Task goal – After locating the line with "GYNIMUN DUAL pre ženy kapsuly 30 ks" in the data that follows, return it and every later line exactly, up to and including the line with "2-комнатная квартира по".

Available data –
..........
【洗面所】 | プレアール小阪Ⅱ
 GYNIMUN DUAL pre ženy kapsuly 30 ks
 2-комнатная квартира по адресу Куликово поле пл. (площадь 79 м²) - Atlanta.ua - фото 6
..........
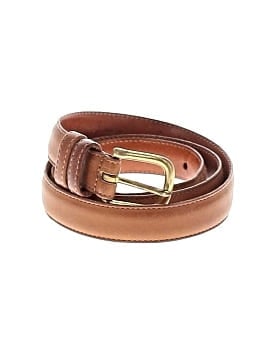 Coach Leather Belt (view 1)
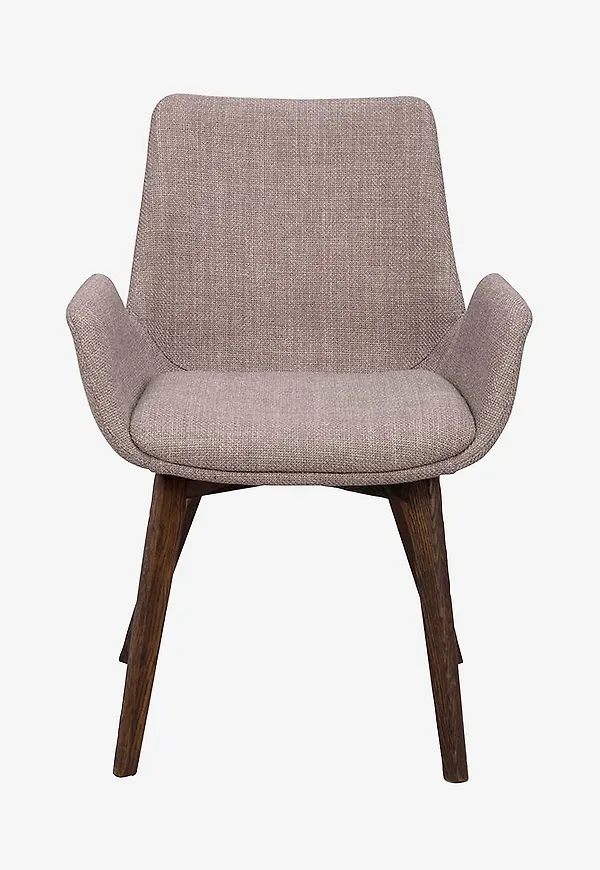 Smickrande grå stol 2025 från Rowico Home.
..........
Problem solution –
 GYNIMUN DUAL pre ženy kapsuly 30 ks
 2-комнатная квартира по адресу Куликово поле пл. (площадь 79 м²) - Atlanta.ua - фото 6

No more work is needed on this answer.